The paper I want to discuss today is one that I find hilarious. It’s a report of the Hamburg Burger Trial and I find it hilarious because the results were so different than what the researchers expected. In fact, they mention how surprised they were to get these results. The only reason they should have been surprised is that they are either ignorant or stupid – or both.
If I gave most readers of this blog the same data the authors of the study had, the blog readers would not have been surprised. They would have expected exactly the outcome that resulted. Which makes the readers of this blog a whole lot smarter than the long list of scientists who authored this paper.
Here’s the setup.
Researchers in Hamburg, Germany recruited 24 healthy subjects with an age range from 18 to 65 years of age. They had these subjects undergo a 12 hour, overnight fast then show up at the lab where they provided a blood sample then baseline vascular function testing.

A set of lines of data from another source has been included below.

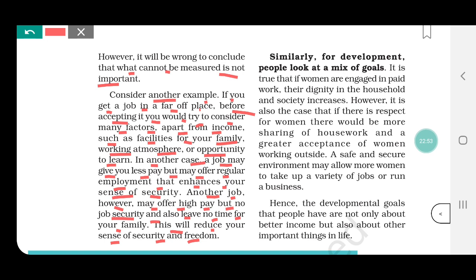Company A has more income but no job security — there is no guarantee how long the job will last. On the other hand, Company B provides facilities for your family; where the company is located, health and education facilities are good. Plus, Company B also provides job security — your job will not be taken away suddenly. So between the two, a rational person would select Company B, because although the income is slightly less, the facilities are more — freedom, job security — all of these are available with Company B.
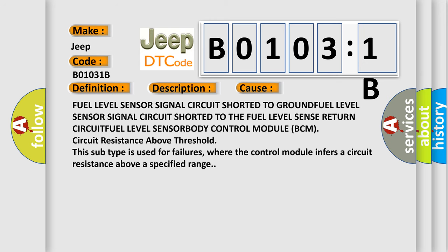Fuel level sensor signal circuit shorted to ground, fuel level sensor signal circuit shorted to the fuel level sense return circuit, fuel level sensor body control module BCM circuit resistance above threshold. This subtype is used for failures where the control module infers a circuit resistance above a specified range.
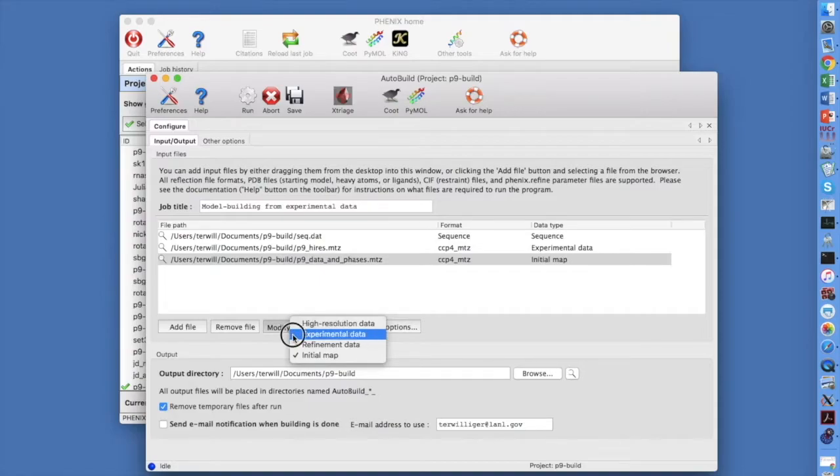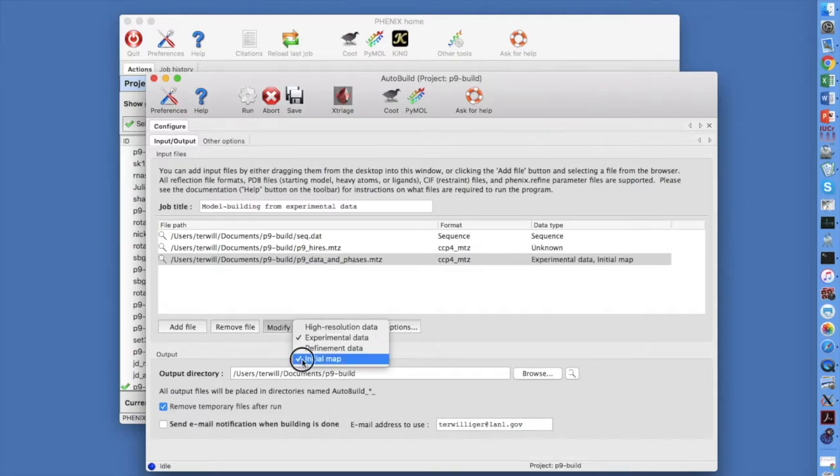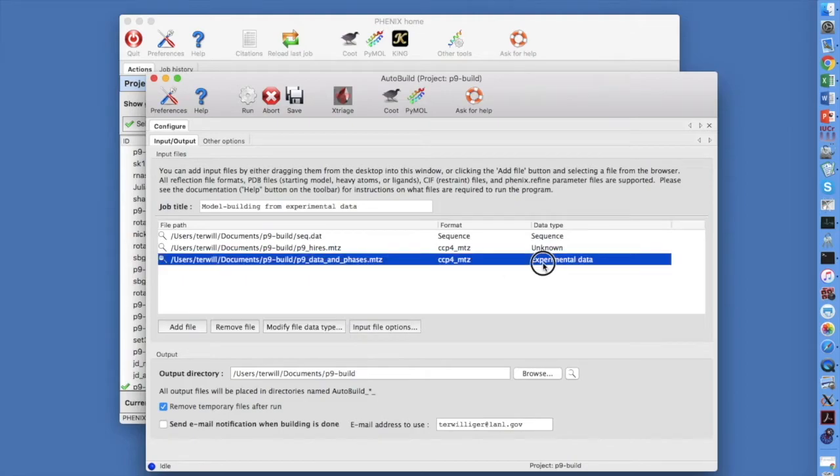Turn on Experimental Data to indicate that experimental phases are present in this file. Turn off Initial Map. Now the GUI knows this file contains experimental phase information.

Two hours after all the testing, the subjects were given one of the following meals from a Hamburg McDonald’s to eat:

a conventional beef burger meal consisting of a 211-g beef burger (Big Mac; McDonald’s Corp, Oak Brook, IL) with 152 g French fries, 20 mL ketchup, and 500 mL carbonated lemon-flavored soda (Sprite; Coca-Cola Co, Atlanta, GA) (meal 1); a vegetarian burger meal with standard side orders consisting of a 203-g vegetarian burger (GemüseMac; McDonald’s Corp, Munich, Germany) with 152 g French fries, 20 mL ketchup, and 500 mL carbonated lemon-flavored soda (meal 2); and a vegetarian burger meal with vitamin-rich side orders consisting of a 203-g vegetarian burger, 90 g salad, 30 mL balsamic dressing, 306 g yogurt with fruit, and 500 mL orange juice with {approx}200 mg vitamin C [Minute Maid; Minute Maid (a division of the Coca-Cola Co), Houston, TX] (meal 3).

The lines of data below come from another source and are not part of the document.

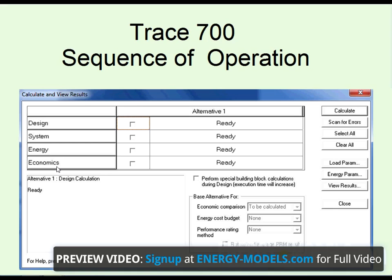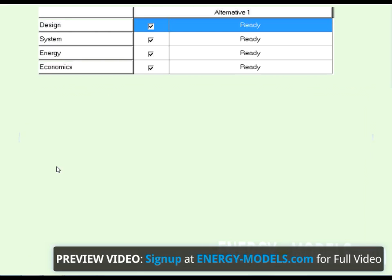We'll start by running a load design mode. If we select load design mode, we already know that it determines the peak load of the building. However, a clear illustration of this is not always available.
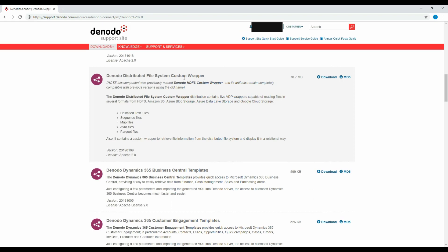Denodo Distributed File System Custom Wrapper. The Denodo Distributed File System Custom Wrapper distribution contains five VDP wrappers capable of reading files in several formats such as delimited text files, sequence files, map files, avro files, and parquet files from HDFS, Amazon S3, Azure Blob Storage, Azure Data Lake Storage, and Google Cloud Storage.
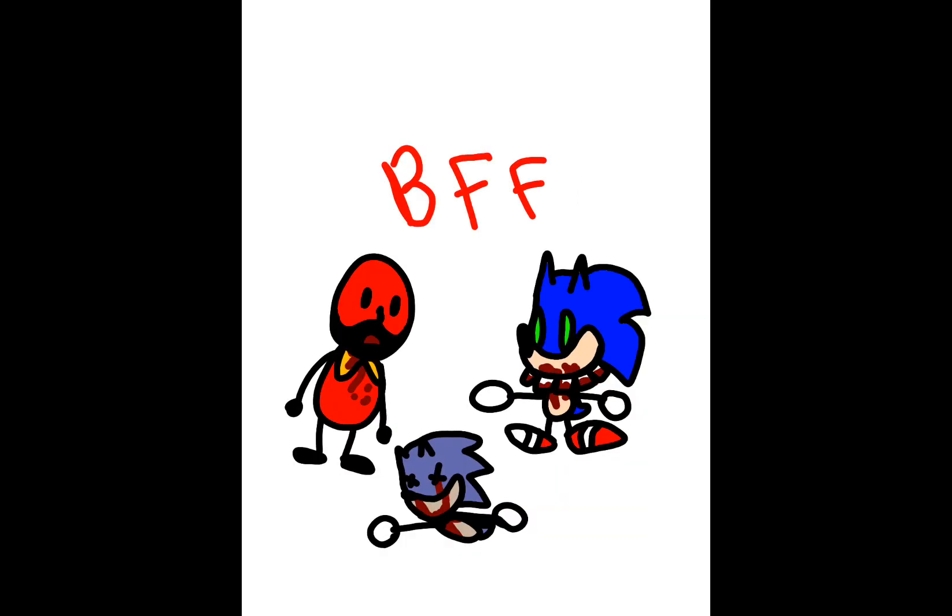This is just a little cutesy drawing of Starved Eggman and Regular Sonic feasting on Sonic. And it says, best friends forever. Because, I guess, they became friends.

Two hours after the subjects chowed down on one of these meals testing was repeated and repeated again four hours later.
The subjects went away and came back a week later and went through the whole rigmarole again until all 24 subjects had eaten all three of the above meals.

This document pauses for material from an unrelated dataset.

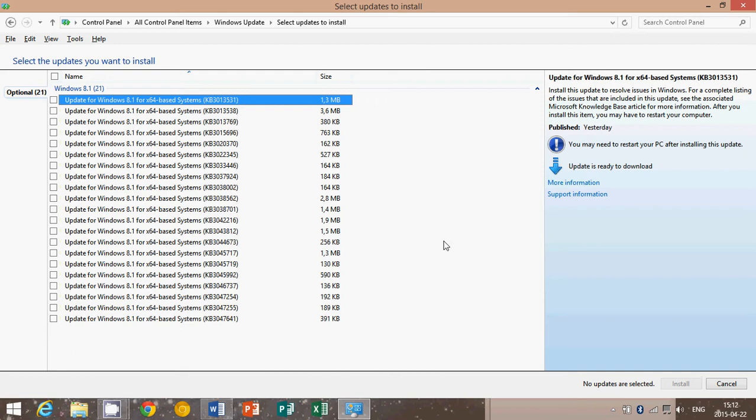One, it will correct error 0x0000009f stop error when a Windows-based computer has two USB devices connected. So if you plug two USB devices and you get a blue screen or an error 0x0000009f, it might mean that you need to apply these updates.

Before we get into how the results of the vascular function testing in these subjects came out, let’s digress a little to look at what was actually being tested. If you’re not interested in the how-tos of vascular testing, skip on down.
Arteries, the vessels that carry oxygenated and nutrient-rich blood to the tissues, are muscular tubes of varying size that have an inner lining that is incredibly complex in its action. This inner lining called the endothelium is only a single cell thick yet it controls the activity of the entire artery. The endothelium senses and responds to a multitude of both internal and external stimuli and produces and secretes a host of substances that can cause the artery to constrict, to dilate, and to repair itself. It can cause the blood to clot and can bring about interactions between various blood components. And this extremely powerful organ can’t even be seen with the naked eye because it is a layer one cell in thickness.
Since the endothelium is only a single cell in thickness it is prone to injury. In fact, most heart disease is caused by damage to the endothelial cells of the coronary arteries. Plaque forms beneath the endothelium and is usually initiated in an area of damage to the endothelial cells.
One of the ways scientists have developed to measure endothelial function is by what is called flow-mediated vasodilation (FMD).
When the flow of blood increases in an artery, the endothelium secretes substances that make the artery expand (dilate) to better carry the increased flow. When the endothelial cells are working properly they secrete plenty of whatever it takes to make the artery dilate; if the endothelium isn’t working or is inhibited by a drug or other substance or is injured, the cells don’t respond as well to the increased flow and the artery won’t dilate as much as it would were it under the control of a non-impaired endothelium.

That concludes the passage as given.